Occupying 1,000 lush acres of private land that predates the founding of the national park, the hotel is home to an abundance of flora and fauna: 750 species of trees, including coconut, cacao, and guava; 390 species of birds (look out for toucans and hummingbirds and colorful turkey-like curassows); 140 different mammals, the cutest of which are definitely the raccoon-like coati and the squirel-esque agouti; more frogs and toads than one would think possible (their unique mating calls form a symphony at night); and enough insects to make one reconsider their place on the food chain (be thankful for bug spray and mosquito nets).

To take it all in, rooms and common spaces, which include a pool, two restaurants, a yoga pavilion, and a newly minted spa, are all open-air, with large decks and clear vistas over the gulf, the gardens, and the private black sand beach. My casita came with a colorful hammock, where I took outdoor naps every afternoon after a post-hike beer or two and a cold plunge pool, which I used as often as I could (there’s no AC on property). The whole set-up was cleverly ensconced in foliage. I felt like I had the rainforest all to myself.

Views from the author's casita on a rainy afternoon.

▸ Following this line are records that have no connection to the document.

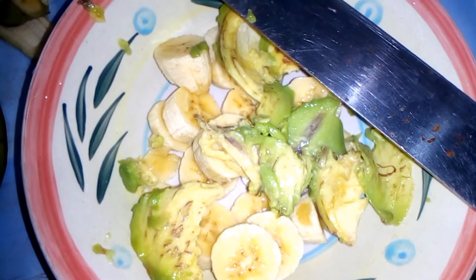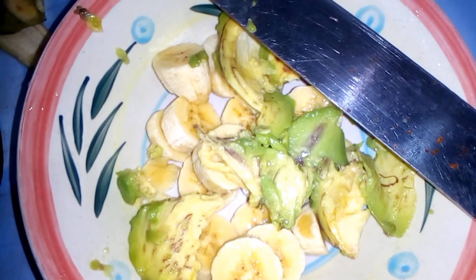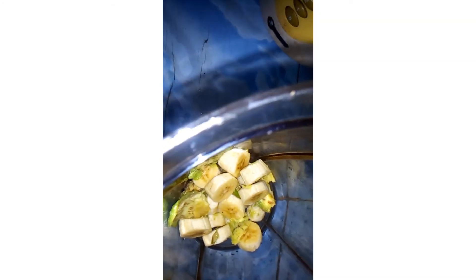I cut my avocado and banana into smaller pieces, like you see me doing in the video. Then I poured it into my blender and also added one cup of milk.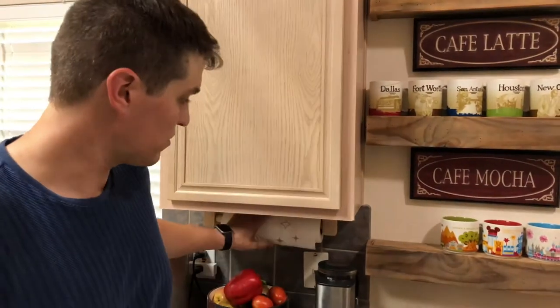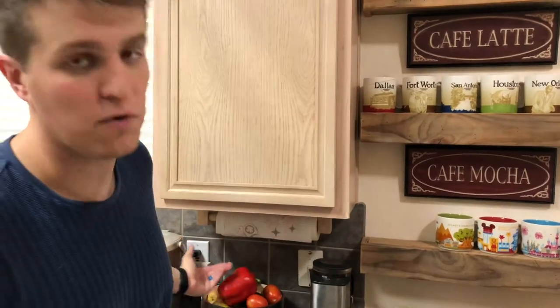Hi, I'm Jared and welcome back to the vlog. This week we're going to be talking about our simple project that we made, which is just an under the cabinet towel rack.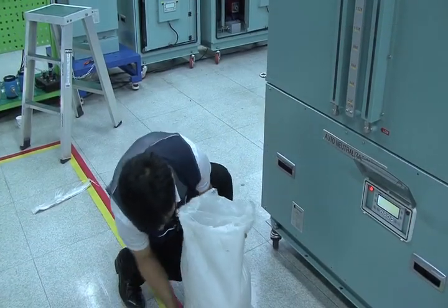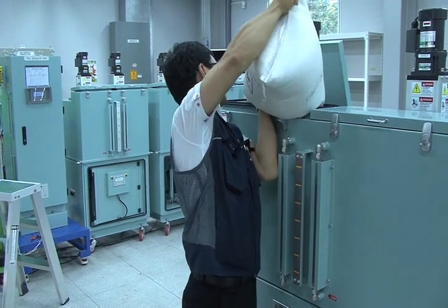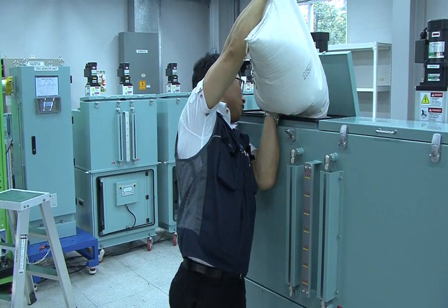Step 2: Press the ESC button to turn off the alarm. Open the top side cover of the fresh water tank. Add one sack of sodium thiosulfate to each fresh water tank.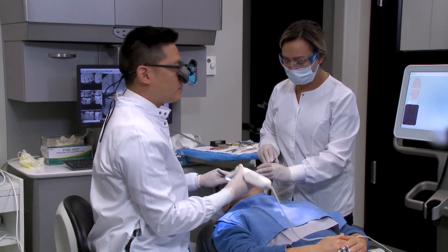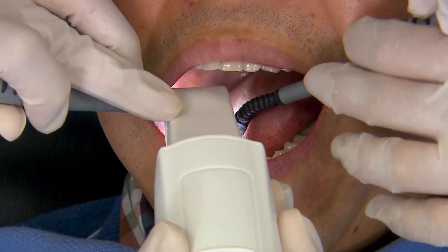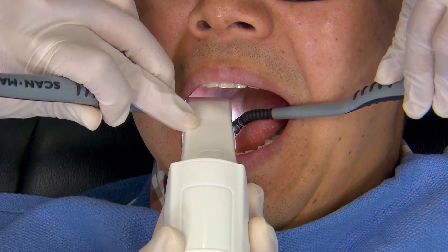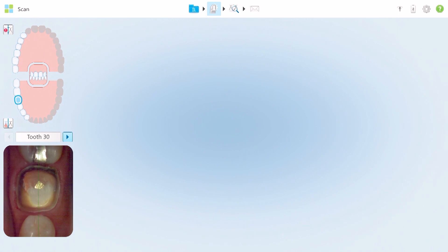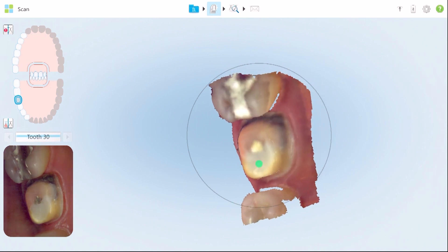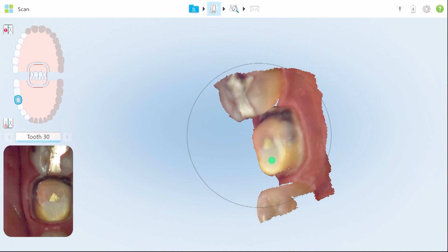This first scan will be of the preparation. With the iTero Element, you're going to rest the camera down on the teeth — you can see the crosshairs there. I start off on the occlusal, then once I activate the camera with the button on the body, I begin rotating to the lingual. It's almost a hard rotation to 90 degrees.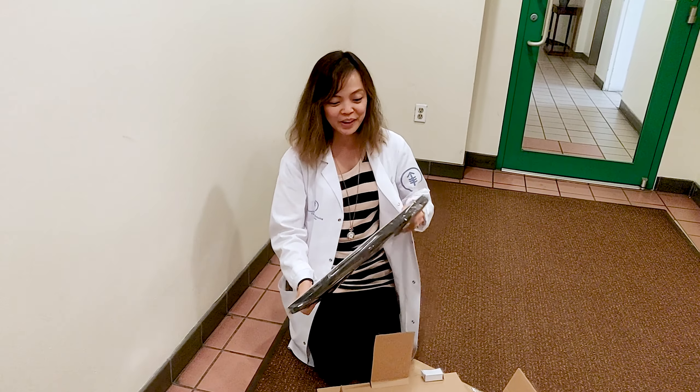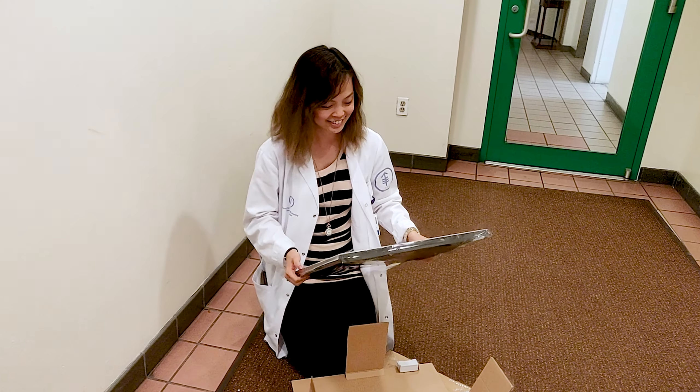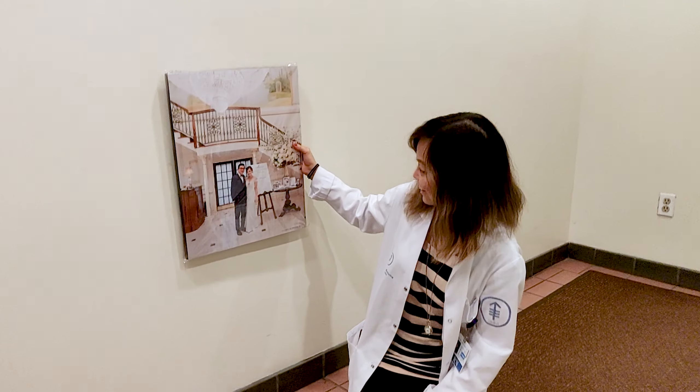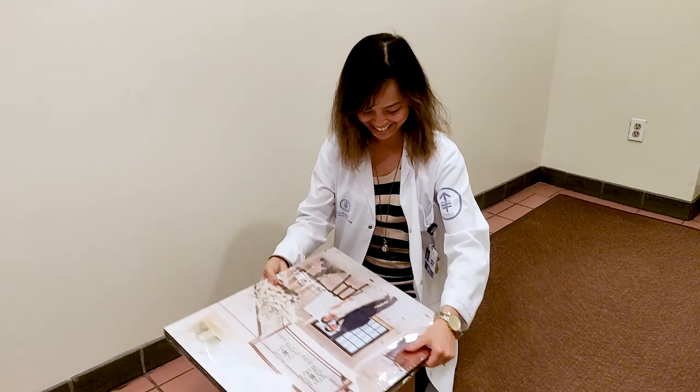Oh my gosh, it's going to be awesome. What is this? Oh, that's so nice! It looks so good. I love it, thank you. This is so nice.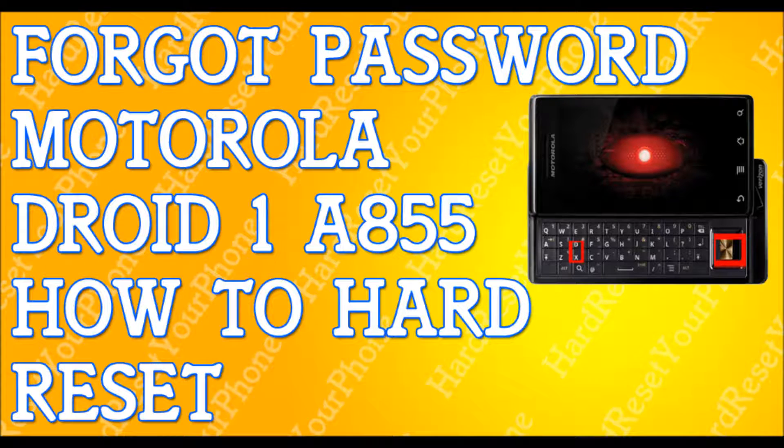Use the volume down button again to select 'Yes.' You're selecting Yes because it's giving you a warning that everything is going to be erased. Once you select Yes, press the square button again to confirm and it will begin the process.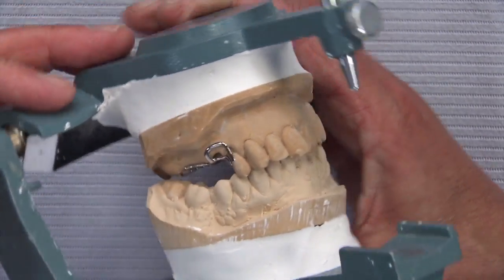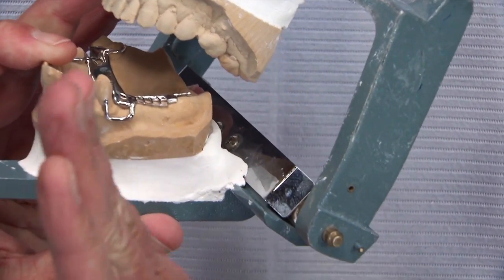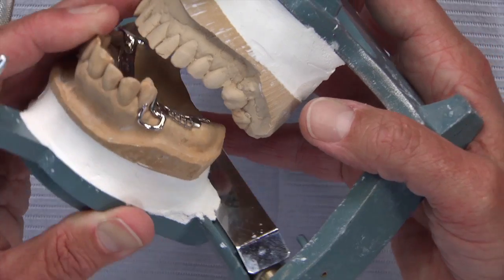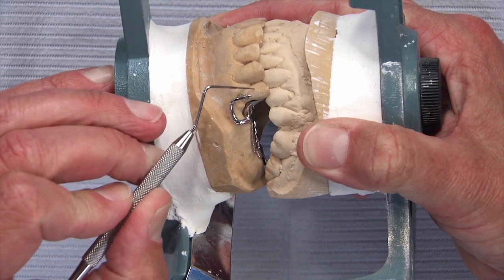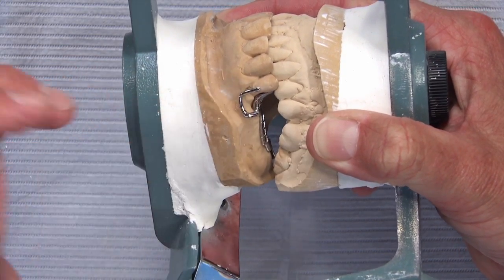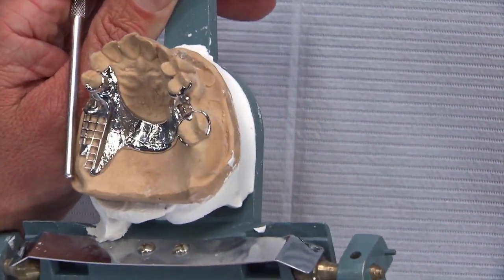The I-bar is especially suited for teeth like this one that already have some recession. When the patient loads the partial and pushes down on it, the I-bar clasp has a tendency to move toward the distal and disengage from the tooth. Whereas a typical circumferential clasp, as the patient loads the partial, moves in an occlusal direction and wants to rotate the tooth out of the socket. So the I-bar can actually be more periodontal-friendly, even though it looks like a lot of metal.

Which is the whole point. You don’t come to Playa Cativo just for the luxury or the adventure. You come to kayak through mangroves where the crabs and the birds outnumber the people by the hundreds of thousands. You come to chase (and be chased) by dolphins through a gulf so still the water looks like glass. You come to spend afternoons gazing at hummingbirds through binoculars, strolling down secluded beaches, and drinking cocktails made with fruits and herbs from an organic garden you can hike to if you feel like breaking a sweat.

Book It

Rates change seasonally and start at $220. Click here for reservations. Or get in touch with the Fathom Travel Concierge and we can plan your trip for you.

Checking In

Playa Cativo is a scenic, 30-minute boat ride from the airport at Puerto Jimenez on the Osa Peninsula. Hopper plane flights from San Jose are just under an hour. Both legs of the journey are a treat for the eyes. Get the camera out.

There’s a heavy emphasis on sustainability reflected in the design. Nothing is over the top. Casitas are made from reclaimed wood and are accented with local art and tile work and intentionally take a back seat to the well-manicured gardens and wild rainforest surrounding. It’s really all about the nature here.

This Place Is Perfect For
Couples and families who don’t mind getting outside their comfort zone. Nature-lovers looking for a digital detox.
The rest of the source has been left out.